"""

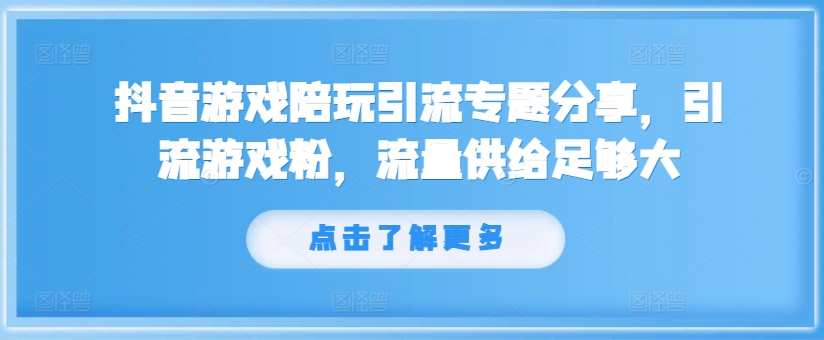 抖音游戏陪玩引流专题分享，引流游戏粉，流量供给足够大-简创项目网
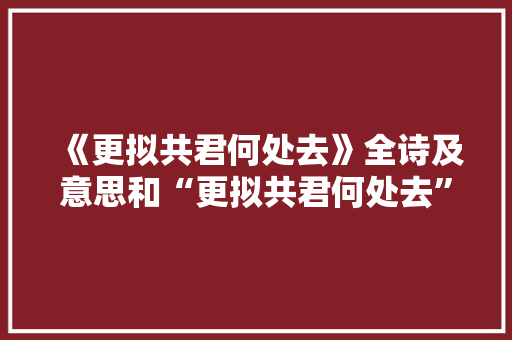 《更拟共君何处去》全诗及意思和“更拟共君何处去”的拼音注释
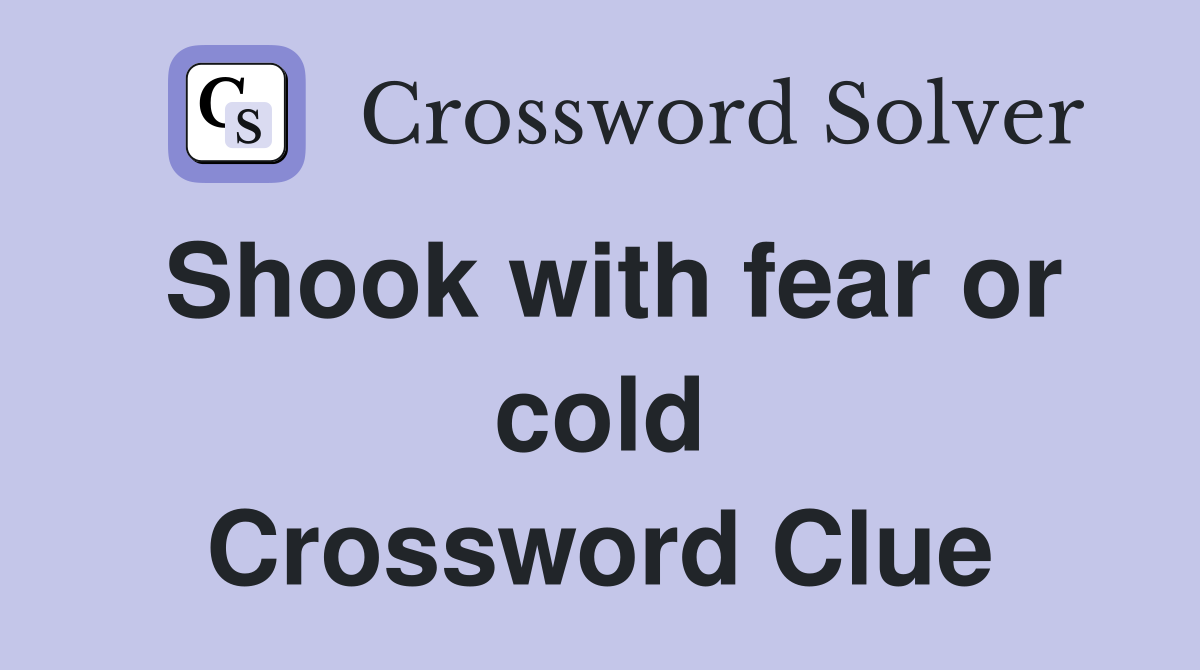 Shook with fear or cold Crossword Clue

"""
"""

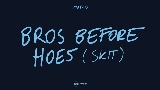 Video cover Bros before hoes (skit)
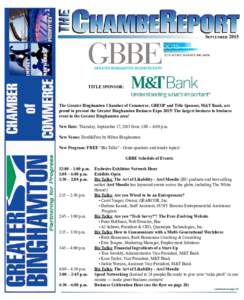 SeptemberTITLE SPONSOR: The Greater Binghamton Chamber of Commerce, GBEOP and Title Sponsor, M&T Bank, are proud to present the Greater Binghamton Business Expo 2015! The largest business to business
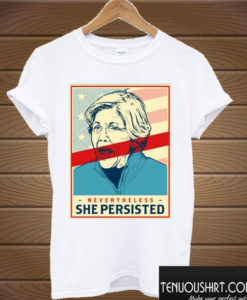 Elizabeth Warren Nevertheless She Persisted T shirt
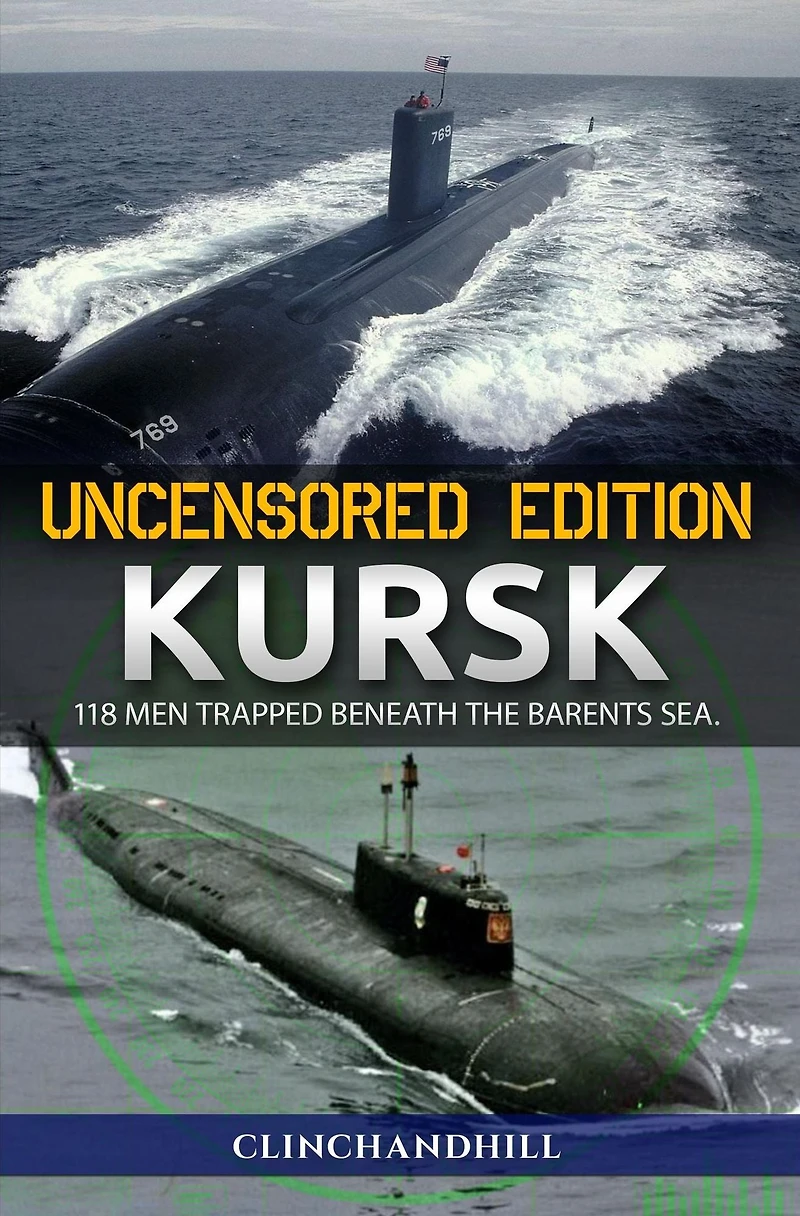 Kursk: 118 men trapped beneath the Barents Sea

"""

ACTIVITY
Although pictures appear among the records above, none are to be output; print exactly the lines from the line containing "Video cover Bros before hoes (skit)" through the line containing "Kursk: 118 men".

WORKED SOLUTION
 Video cover Bros before hoes (skit)
 SeptemberTITLE SPONSOR: The Greater Binghamton Chamber of Commerce, GBEOP and Title Sponsor, M&T Bank, are proud to present the Greater Binghamton Business Expo 2015! The largest business to business
 Elizabeth Warren Nevertheless She Persisted T shirt
 Kursk: 118 men trapped beneath the Barents Sea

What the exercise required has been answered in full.